BEGIN

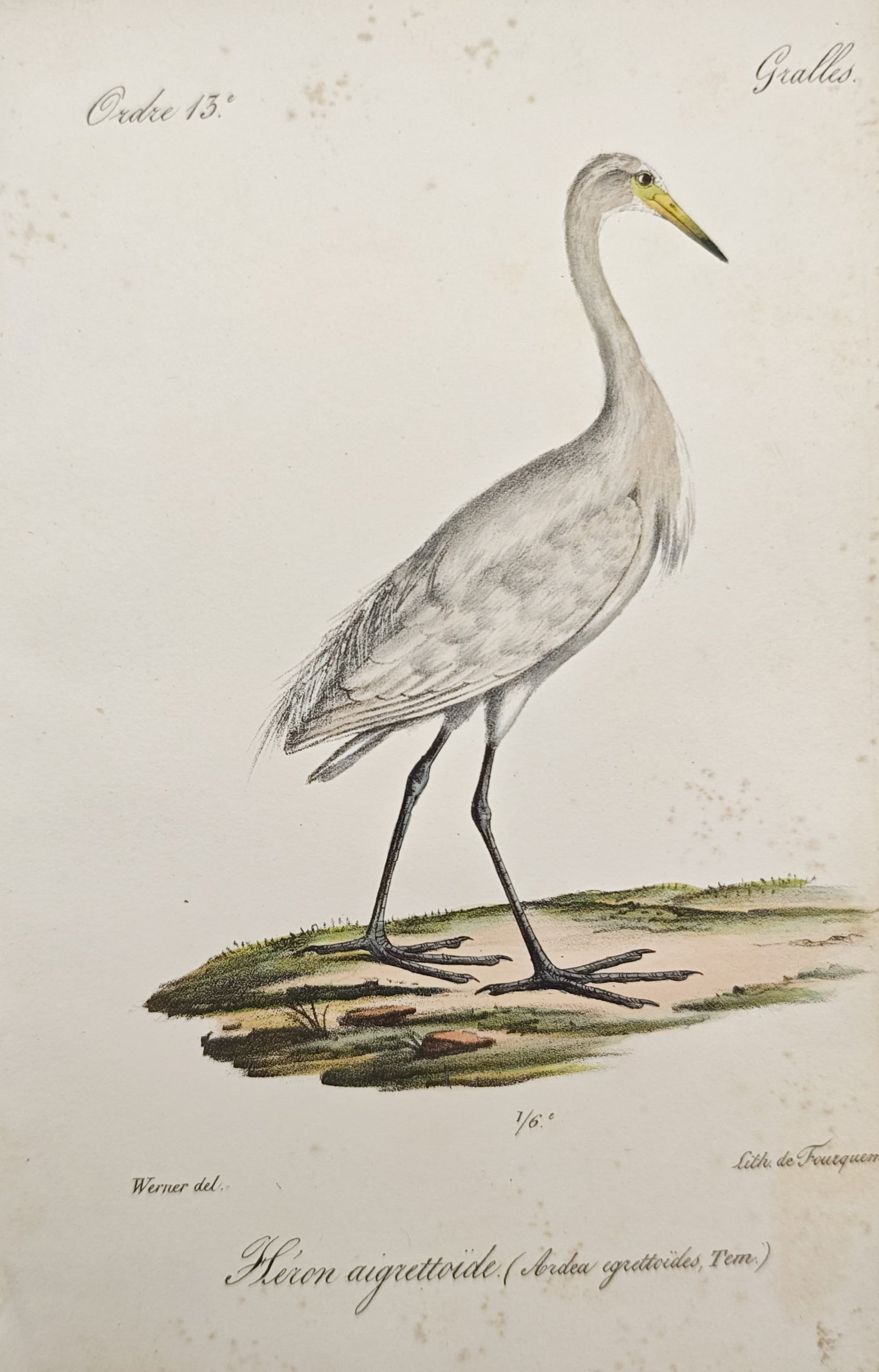 Jean Werner – Study of an Egret – Lithograph (19th Century): "Study of an Egret" presents an ornithological study illustrating a standing heron with white plumage, an elongated slender neck, and sharp yellow-accented bill depicted in profile against a grassy ba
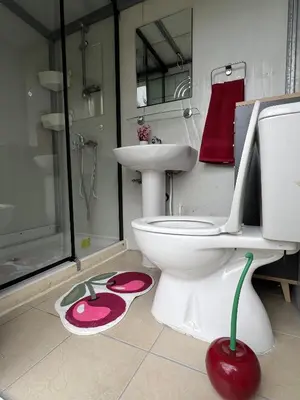 a bathroom with a white toilet and a sink at Cherry Holiday House in Khandria
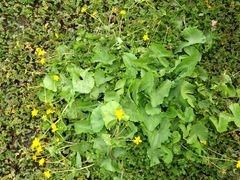Caltha palustris membranacea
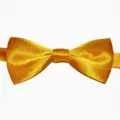 Vista dettagliata del papillon dorato lucido per bambini, ideale per feste ed eventi. - 07 giallo dorato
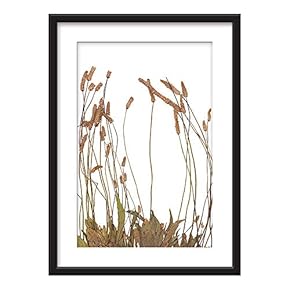 Framed Wall Art - Dried Plant Specimen - Giclee Printed Art in Black Picture Frames White Matting - 23x31 inches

END

**PROBLEM DESCRIPTION:** Starting at the first line of the entries, restate word for word everything through the line that holds "a bathroom with", both ends included, but omit any pictures.

**TASK ANSWER:**
 Jean Werner – Study of an Egret – Lithograph (19th Century): "Study of an Egret" presents an ornithological study illustrating a standing heron with white plumage, an elongated slender neck, and sharp yellow-accented bill depicted in profile against a grassy ba
 a bathroom with a white toilet and a sink at Cherry Holiday House in Khandria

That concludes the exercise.